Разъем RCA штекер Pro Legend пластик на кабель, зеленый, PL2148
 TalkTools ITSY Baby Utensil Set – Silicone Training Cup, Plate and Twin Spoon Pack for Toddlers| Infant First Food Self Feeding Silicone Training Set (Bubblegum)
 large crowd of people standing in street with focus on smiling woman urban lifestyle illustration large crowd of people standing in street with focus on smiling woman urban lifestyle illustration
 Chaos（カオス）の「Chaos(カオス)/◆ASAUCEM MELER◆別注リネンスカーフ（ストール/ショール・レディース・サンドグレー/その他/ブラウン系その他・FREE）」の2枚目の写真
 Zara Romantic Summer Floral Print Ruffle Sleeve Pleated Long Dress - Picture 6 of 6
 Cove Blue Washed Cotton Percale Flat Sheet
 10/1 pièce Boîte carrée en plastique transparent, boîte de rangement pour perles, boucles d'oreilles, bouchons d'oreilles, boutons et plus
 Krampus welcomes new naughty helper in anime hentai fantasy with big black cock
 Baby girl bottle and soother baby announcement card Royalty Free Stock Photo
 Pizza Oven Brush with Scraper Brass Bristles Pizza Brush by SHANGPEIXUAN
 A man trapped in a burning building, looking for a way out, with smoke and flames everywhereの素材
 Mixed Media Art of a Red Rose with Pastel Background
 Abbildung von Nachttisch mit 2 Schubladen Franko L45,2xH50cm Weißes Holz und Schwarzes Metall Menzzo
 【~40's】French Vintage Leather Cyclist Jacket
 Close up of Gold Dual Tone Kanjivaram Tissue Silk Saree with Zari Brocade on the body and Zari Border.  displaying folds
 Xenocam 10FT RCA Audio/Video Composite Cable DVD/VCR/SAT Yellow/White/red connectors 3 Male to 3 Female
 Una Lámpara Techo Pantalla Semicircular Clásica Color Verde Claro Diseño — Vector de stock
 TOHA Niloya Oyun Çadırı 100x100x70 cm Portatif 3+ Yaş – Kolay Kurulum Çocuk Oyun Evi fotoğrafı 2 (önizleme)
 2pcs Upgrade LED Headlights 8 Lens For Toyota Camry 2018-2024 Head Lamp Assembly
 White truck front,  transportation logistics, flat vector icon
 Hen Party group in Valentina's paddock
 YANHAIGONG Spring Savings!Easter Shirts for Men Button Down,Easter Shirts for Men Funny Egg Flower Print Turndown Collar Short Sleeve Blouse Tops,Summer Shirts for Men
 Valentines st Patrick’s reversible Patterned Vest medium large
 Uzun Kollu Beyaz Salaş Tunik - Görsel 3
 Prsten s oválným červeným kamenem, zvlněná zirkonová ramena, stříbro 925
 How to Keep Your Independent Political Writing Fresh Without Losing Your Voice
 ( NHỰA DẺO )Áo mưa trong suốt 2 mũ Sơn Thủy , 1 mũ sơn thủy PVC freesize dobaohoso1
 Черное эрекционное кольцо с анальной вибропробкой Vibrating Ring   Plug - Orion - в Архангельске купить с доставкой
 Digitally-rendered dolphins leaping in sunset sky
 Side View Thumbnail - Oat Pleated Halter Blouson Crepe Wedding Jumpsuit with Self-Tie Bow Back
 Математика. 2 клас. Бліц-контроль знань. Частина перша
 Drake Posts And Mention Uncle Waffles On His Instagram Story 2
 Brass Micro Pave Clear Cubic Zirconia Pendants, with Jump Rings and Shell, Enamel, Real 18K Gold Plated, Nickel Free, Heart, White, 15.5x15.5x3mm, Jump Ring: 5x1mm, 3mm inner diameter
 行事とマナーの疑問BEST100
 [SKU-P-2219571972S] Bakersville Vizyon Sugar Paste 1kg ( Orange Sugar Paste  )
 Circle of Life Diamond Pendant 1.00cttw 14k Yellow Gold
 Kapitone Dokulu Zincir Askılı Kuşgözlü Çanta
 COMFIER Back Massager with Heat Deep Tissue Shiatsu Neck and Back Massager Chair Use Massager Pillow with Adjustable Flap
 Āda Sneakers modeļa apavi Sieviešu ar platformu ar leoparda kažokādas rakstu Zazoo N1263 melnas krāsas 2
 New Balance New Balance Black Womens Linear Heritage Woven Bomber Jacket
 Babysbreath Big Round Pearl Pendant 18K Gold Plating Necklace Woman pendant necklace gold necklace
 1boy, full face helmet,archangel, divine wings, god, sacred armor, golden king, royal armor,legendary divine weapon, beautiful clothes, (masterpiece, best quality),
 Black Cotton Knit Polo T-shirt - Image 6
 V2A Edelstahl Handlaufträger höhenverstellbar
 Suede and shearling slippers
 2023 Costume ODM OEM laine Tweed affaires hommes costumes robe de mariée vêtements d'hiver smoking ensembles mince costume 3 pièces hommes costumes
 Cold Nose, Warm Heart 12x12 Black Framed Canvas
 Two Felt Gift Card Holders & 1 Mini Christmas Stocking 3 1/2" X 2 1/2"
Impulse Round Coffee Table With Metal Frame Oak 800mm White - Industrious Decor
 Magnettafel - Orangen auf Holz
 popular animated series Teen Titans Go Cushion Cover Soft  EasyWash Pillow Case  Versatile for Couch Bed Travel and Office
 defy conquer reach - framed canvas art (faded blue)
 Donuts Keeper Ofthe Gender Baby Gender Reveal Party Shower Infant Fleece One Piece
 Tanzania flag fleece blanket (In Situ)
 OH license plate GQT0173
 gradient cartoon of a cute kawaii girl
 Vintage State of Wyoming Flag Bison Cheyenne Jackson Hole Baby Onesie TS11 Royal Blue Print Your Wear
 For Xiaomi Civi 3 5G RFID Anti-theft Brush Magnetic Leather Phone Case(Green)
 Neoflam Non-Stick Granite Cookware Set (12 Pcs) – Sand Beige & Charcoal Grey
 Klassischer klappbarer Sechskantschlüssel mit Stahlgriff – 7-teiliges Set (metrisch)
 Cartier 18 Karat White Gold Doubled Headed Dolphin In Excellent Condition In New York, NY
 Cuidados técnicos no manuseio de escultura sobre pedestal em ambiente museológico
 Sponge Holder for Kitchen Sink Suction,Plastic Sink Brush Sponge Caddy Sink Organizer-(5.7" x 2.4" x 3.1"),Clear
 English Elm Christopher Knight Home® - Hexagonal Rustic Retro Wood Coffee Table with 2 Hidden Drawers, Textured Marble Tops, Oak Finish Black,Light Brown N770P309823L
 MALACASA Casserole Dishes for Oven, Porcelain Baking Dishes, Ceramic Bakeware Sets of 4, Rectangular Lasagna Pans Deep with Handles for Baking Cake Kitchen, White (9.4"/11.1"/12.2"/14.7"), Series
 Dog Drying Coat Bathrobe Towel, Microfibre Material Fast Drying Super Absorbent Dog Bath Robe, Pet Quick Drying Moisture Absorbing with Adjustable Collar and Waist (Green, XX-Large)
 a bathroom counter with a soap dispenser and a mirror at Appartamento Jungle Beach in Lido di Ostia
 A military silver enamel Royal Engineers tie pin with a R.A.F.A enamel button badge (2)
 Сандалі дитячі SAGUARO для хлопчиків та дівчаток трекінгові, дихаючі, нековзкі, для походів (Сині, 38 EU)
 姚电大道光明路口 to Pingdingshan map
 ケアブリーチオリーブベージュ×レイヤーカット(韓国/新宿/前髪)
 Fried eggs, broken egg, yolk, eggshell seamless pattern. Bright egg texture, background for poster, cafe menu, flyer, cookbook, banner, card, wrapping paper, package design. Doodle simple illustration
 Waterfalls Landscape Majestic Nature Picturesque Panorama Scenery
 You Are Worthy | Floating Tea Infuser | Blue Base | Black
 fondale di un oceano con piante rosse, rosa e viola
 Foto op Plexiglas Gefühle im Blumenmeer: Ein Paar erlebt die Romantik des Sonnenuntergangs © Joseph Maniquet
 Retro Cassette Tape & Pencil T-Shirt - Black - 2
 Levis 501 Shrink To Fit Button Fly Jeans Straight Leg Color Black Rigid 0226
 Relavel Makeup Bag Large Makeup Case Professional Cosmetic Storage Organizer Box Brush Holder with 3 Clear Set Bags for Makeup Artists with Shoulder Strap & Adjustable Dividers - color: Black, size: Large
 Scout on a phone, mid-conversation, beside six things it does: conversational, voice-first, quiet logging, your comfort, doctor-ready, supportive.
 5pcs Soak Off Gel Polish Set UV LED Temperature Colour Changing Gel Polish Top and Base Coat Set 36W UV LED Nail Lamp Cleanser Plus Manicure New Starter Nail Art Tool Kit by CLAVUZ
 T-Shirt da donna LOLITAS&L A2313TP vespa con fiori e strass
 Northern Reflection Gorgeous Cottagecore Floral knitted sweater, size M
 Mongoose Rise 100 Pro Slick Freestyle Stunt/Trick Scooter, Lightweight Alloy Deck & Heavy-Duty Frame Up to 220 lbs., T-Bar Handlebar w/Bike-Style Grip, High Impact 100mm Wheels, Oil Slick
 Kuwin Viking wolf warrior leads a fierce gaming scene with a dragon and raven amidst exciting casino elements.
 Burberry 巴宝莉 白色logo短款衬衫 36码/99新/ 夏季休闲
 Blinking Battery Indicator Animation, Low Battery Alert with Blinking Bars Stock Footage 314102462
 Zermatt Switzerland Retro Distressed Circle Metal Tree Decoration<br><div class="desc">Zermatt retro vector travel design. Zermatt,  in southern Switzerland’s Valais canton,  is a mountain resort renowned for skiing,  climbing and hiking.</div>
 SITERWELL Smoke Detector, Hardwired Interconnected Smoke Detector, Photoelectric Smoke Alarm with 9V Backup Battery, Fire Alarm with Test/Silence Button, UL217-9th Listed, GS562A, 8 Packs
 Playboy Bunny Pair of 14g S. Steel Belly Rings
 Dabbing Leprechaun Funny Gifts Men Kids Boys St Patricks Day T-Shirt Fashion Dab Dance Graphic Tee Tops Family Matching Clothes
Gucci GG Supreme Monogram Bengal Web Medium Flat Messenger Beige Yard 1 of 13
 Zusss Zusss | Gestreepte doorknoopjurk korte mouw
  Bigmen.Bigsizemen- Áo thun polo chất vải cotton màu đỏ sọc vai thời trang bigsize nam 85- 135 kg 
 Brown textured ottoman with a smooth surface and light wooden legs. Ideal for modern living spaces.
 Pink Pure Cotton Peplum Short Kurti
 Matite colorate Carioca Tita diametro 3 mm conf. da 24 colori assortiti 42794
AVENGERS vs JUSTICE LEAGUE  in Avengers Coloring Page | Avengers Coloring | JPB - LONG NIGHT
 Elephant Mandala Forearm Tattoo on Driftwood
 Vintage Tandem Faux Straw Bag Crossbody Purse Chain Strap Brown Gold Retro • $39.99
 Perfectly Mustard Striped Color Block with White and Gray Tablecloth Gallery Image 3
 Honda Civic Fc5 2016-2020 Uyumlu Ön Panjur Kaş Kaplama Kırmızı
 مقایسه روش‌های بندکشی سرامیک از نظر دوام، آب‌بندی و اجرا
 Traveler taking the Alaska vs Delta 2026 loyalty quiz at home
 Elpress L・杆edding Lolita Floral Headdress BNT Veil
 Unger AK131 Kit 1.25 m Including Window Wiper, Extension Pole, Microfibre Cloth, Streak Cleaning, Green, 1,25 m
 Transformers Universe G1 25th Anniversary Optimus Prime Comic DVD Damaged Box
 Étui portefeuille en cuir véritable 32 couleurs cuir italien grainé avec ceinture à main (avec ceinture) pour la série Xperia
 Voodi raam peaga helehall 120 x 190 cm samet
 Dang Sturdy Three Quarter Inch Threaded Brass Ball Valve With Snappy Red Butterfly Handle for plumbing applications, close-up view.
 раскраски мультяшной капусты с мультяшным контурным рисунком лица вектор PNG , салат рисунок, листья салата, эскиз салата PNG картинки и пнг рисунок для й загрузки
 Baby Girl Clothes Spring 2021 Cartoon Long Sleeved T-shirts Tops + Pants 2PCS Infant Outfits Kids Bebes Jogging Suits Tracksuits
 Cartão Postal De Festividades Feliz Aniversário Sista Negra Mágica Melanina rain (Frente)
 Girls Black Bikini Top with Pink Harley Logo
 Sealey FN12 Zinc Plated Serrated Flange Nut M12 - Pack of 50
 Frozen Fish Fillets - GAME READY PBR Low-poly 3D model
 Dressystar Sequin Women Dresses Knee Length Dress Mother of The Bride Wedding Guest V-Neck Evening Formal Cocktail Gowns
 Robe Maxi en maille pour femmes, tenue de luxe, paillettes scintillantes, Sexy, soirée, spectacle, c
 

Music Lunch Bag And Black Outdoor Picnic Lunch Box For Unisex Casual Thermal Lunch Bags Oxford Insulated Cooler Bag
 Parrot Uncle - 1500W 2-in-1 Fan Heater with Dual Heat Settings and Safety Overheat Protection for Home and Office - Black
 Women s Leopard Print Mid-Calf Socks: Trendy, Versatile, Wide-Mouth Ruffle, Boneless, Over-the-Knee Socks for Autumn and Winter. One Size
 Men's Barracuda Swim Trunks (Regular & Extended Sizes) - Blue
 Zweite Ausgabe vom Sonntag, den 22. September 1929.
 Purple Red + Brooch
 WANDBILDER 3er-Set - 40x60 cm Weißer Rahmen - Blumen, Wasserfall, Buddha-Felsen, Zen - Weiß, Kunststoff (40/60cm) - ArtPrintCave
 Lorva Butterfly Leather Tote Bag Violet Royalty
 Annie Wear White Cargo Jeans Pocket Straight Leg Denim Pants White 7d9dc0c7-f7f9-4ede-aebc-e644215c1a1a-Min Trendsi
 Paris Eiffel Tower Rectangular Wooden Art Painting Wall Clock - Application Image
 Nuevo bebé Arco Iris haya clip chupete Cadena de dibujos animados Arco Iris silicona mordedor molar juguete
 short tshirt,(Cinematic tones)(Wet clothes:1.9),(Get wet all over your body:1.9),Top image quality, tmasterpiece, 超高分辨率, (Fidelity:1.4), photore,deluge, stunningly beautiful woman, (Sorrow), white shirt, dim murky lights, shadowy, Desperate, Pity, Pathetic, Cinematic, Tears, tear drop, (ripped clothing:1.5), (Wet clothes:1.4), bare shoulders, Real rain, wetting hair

**WHAT NEEDS TO BE DONE:** Find the lines above that include the string "Green" and copy them.

**COMPLETED EXERCISE:**
 For Xiaomi Civi 3 5G RFID Anti-theft Brush Magnetic Leather Phone Case(Green)
 Dog Drying Coat Bathrobe Towel, Microfibre Material Fast Drying Super Absorbent Dog Bath Robe, Pet Quick Drying Moisture Absorbing with Adjustable Collar and Waist (Green, XX-Large)
 Unger AK131 Kit 1.25 m Including Window Wiper, Extension Pole, Microfibre Cloth, Streak Cleaning, Green, 1,25 m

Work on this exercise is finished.